NCLAT has failed to take note of the non-derogable nature of Section 29A while allowing the erstwhile promoters a chance to regain control of the company. It can be argued that this was required considering the peculiar working model of real estate companies but again the same has to be looked into by the legislature and the judicial bodies like NCLAT can at best recommend to bring about such changes.


The Aristotle quote “nothing is so unequal as the equal treatment of unequal people” becomes relevant for the subject of this article in light of the fact that the approach of the NCLAT is discriminating amongst the erstwhile promoters themselves. While some of the real estate companies have been afforded with the exceptions as discussed hereinabove, some are denied the same by the SC and NCLAT as well.
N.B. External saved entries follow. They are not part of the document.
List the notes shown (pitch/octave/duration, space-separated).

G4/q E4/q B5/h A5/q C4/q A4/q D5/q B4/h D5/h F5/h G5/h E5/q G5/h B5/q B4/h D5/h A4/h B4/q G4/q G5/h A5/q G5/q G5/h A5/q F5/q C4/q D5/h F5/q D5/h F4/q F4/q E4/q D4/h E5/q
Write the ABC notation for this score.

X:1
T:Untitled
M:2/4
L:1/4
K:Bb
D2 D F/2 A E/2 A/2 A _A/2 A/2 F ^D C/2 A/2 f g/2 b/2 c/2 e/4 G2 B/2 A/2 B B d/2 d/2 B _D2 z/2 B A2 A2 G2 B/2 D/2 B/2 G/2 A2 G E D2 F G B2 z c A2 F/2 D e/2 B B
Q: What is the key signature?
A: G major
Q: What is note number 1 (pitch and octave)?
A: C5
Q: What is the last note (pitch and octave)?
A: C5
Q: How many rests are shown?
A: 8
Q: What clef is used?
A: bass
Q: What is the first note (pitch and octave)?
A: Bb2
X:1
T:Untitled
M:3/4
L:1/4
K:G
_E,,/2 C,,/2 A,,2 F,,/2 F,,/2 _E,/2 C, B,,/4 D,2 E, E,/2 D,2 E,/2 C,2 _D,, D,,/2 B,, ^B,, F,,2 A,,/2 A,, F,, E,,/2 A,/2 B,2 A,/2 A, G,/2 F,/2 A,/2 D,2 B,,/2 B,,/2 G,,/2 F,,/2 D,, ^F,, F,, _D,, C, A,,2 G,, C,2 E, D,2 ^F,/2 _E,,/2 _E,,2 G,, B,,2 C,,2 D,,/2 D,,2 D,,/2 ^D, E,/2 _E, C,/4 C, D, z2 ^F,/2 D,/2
It is also essential to note that the interdictions under Section 29A intend to tear the corporate veil of the entity and get to the real persons who present the resolution plan.  Be that as it may, the NCLAT in the abovementioned decisions overlooked the objectives of the inclusion of this provision in the IBC by allowing the erstwhile promoter to become an investor and manager for the corporate debtor rather than going for resolution as per the scheme of law. Nevertheless, it has opened a floodgate as every other promoter will try to regain control over the company by relying on these cases. It is pertinent to mention that even in cases where the erstwhile promoter was offering a higher bid (twelve thousand crores) than the concerned resolution applicant, the SC had disallowed the plea.[xi]

Lastly, it shall be borne in mind that the NCLAT is an adjudicatory body constituted under the Code and not rather a consumer redressal commission trying to settle the disputes between homebuyers and developers by giving a timeline to complete the strangled projects. The praxis may be summed up as an exercise of judicial activism with no legal backings.


[i] Nikhil Mehta & Sons v. AMR Infrastructure Ltd., Company Appeal (AT) (Insolvency) No. 07 of 2017.

[ii] Insolvency and Bankruptcy Code (Second Amendment) Act, 2018, No. 26 of 2018, 17.08.2018.

[iii] Pioneer Urban Land & Infrastructure Ltd. & Anr v. Union of India, (2019) 8 SCC 416.

[iv] Homebuyers have filed over 1800 cases under insolvency law: Govt, 20.11.2019, Live Mint. Source: <https://www.livemint.com/news/india/homebuyers-have-filed-over-1-800-cases-under-insolvency-law-govt-11574257028086.html>

[v] Insolvency and Bankruptcy Code (Amendment) Act, 2020, No. 1 of 2020, 13.03.2020.

[vi] Manish Kumar v. Union of India & Anr., 2020 SCC OnLine 384.

[vii] Insolvency and Bankruptcy Code (Amendment) Act, 2017, No. 8 of 2018, 18.01.2018.

[viii] Id., Statement of Objects and Reasons.

[ix] S.C. Sekaran v. Amit Gupta & Ors., Company Appeal (AT) (Insolvency) No. 495 & 496 of 2018.

[x] Regulation 2(2B), Liquidation Process Regulations, 2016, Inserted by Notification No. IBBI/2019-20/GN/REG053.

[xi] Arcelor Mittal v. Satish Kumar Gupta.